I like simple things.
Like eating ice cream at dairy bars.
What is a dairy bar? It’s an ice cream stand.
You walk up to the counter, order your ice-cream based goody, plunk down your cash, and walk away with an ooey-gooey hard-ice cream cone, soft-serve sundae, blizzard, shake, float, frosty, smoothie, or deep-fried Mars bar.
Dairy bars mean Summer. Dairy bars mean weekend. I love dairy bars and everything they represent.
Dairy bars are reason #971 why Prince Edward Island is the place for me.
Frosty Treat, Kensington, PEI
Here I am poised at the precipice of my very first dairy bar experience.
I was a little overwhelmed with all the delicious choices… The deep-fried Mars bar called to me, but I opted for standard dairy bar fare: an ice cream sundae.
Like the thought of that dairy bar? Think it’s one of a kind?
Well, a few blocks further and across the street, there’s…
Johnny’s Dairy Bar, Kensington, PEI
I was stuffed from my ice cream sunday, so I didn’t order any ice cream at Johnny’s Dairy Bar. Because one delicious dairy bar treat on the weekend is understandable. But two dairy bar treats in one day is a bit much, wouldn’t you say?
I did walk up to the counter and order a smile, though. The cute dairy bar girl was happy to oblige.

Cute dairy bar girls make me feel old. I’m a 27 year old woman now, but I still feel like a dairy bar girl. (OK, maybe I never worked in a dairy bar per se, but I did scoop ice cream at a mini-golf one summer, and it still feels like yesterday.)
I guess when I was a cute ice cream scooper like this one, I thought that people grew up and became adults. I thought that adults were somehow different. I thought that I’d grow up, stop being myself, and somehow become one of them–an adult. But it doesn’t work that way.
I still feel like that dairy bar girl. I look at her and I see me! But the cute dairy bar girl looks at me and sees a 27-year-old woman who for some reason wants to take her picture, and could you hurry up already, lady?
Don’t get me wrong, she was cute and polite and everything a dairy bar girl should be. But to her, I was an adult.
Somehow, some time, I became one of them–the adults.
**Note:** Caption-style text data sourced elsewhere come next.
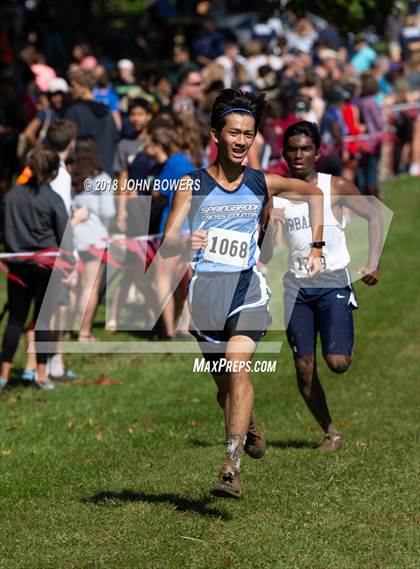Thumbnail 1 in The Barnhardt Invitational  photogallery.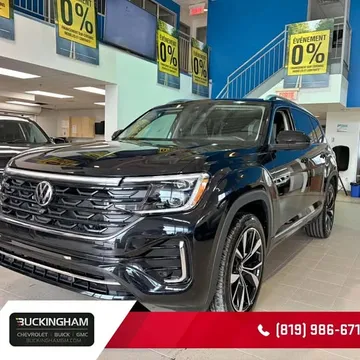 2025 Volkswagen Atlas Execline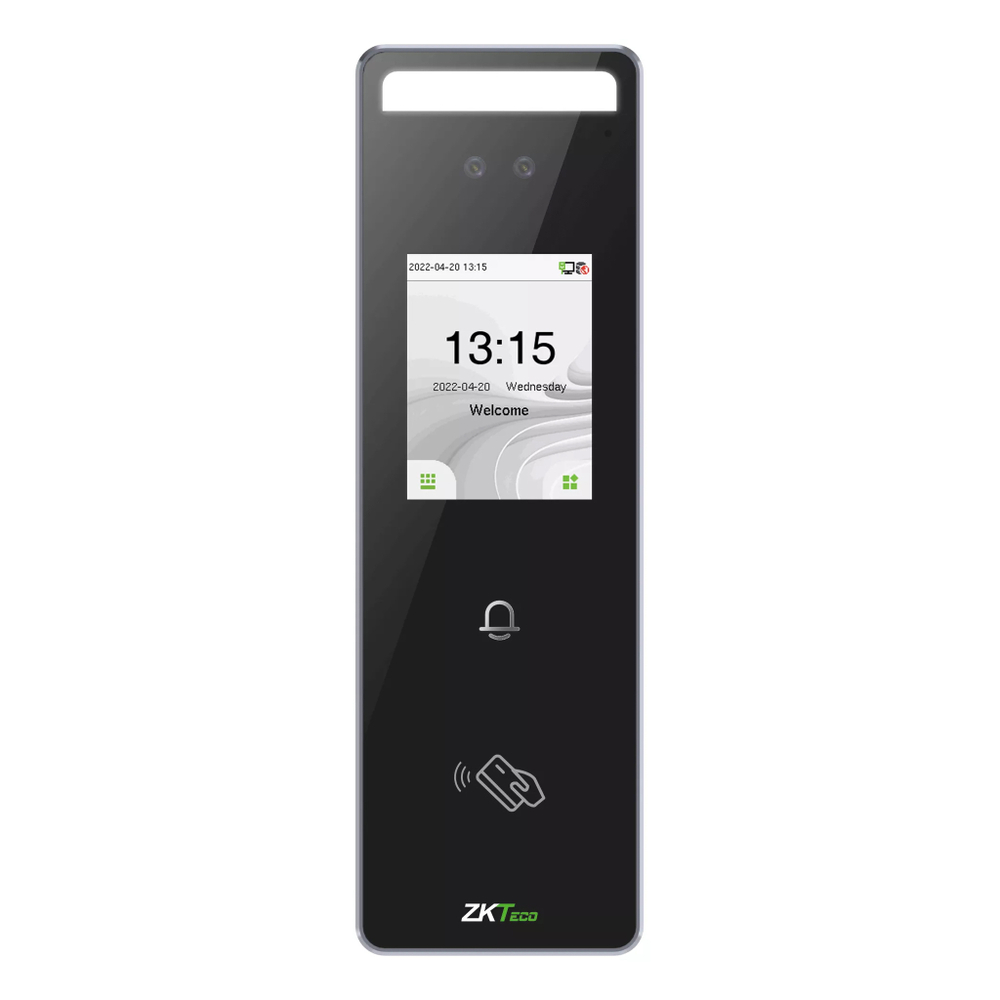 ZKTeco SpeedFace-V3L-RFID [MF] терминал распознавания лиц
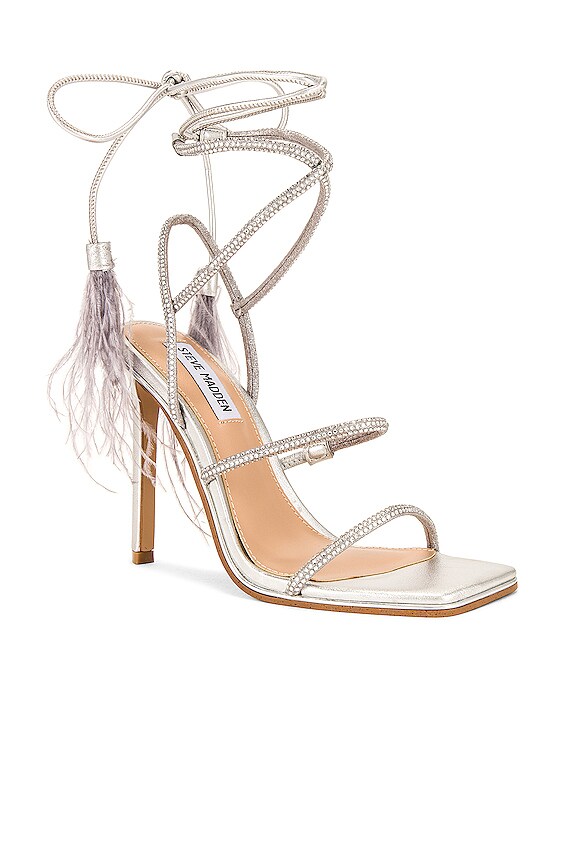 view 2 of 5 Upgrade Sandal in Silver
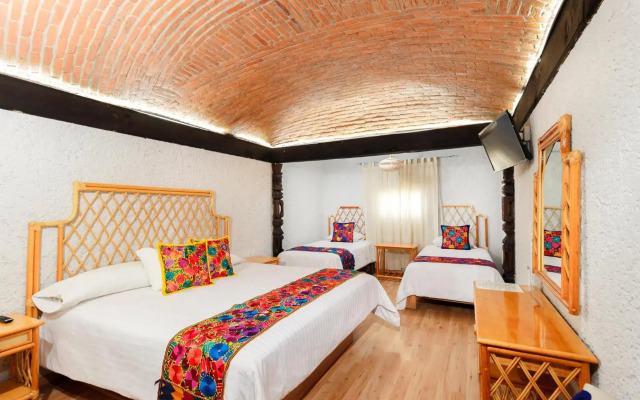 Hotel Hacienda Montesinos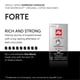 thumbnail image 3 of Cápsulas de café illy Espresso compatibles con Forte Extra Bold, 3 of 6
But I’m still a seventeen-year old dairy bar girl at heart. Come to think of it, I’m still that eight-year-old free-spirited child that I used to be, I’m still that twelve-year old tom-boy that I used to be, and I’m still that 21-year old giggler that I used to be.
All this talk about growing up is making me depressed. Depressed enough to crave a treat at my local dairy bar, the one and only…
Gillis’ Drive In Restaurant, Montague, PEI


I know, I’m only 27. I’m still a spring chicken no matter how you look at it when it comes to age. But the principle remains: time keeps marching on and there’s nothing we can do about it.
To give old mother time a run for her money, I try to live life to the fullest as best as I can.
And I try to stop for deep fried Mars bars along the way. (But, you know, just in the Summer. And on the weekends.)